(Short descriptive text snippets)

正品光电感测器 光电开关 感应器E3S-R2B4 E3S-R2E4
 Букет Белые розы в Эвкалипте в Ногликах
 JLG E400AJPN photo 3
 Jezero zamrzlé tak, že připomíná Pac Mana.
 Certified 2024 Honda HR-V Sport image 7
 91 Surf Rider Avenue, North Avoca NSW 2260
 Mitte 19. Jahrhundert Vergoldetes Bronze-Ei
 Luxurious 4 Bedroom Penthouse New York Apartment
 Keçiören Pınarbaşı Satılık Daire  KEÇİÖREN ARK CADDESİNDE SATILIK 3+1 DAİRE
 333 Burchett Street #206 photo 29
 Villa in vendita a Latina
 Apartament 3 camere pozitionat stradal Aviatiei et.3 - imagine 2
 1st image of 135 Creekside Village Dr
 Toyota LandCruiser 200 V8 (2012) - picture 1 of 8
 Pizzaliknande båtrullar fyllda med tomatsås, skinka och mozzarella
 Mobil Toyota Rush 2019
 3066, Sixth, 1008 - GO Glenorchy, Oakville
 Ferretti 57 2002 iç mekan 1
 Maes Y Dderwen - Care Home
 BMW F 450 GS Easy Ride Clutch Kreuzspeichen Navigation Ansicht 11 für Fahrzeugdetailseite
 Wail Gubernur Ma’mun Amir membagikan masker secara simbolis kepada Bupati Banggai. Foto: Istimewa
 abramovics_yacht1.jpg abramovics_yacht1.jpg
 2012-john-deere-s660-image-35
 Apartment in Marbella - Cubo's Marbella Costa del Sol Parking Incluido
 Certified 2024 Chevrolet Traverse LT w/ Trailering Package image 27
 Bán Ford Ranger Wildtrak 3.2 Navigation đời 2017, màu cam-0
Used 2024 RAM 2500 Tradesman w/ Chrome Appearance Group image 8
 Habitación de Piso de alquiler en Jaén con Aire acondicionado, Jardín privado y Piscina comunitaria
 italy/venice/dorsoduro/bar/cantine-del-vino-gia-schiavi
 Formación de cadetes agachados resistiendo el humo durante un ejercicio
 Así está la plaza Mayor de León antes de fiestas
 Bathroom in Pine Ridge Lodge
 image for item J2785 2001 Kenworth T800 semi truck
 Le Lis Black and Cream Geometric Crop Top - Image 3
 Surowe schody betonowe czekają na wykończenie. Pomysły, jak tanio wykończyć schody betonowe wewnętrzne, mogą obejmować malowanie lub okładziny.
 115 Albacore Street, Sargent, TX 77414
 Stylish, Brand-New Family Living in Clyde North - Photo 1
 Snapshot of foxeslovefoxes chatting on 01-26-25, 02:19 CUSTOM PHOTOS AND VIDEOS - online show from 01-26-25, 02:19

■ Assignment ■
Check each line above for the string "Certified" and show the ones that have it.

■ Solution to this task ■
 Certified 2024 Honda HR-V Sport image 7
 Certified 2024 Chevrolet Traverse LT w/ Trailering Package image 27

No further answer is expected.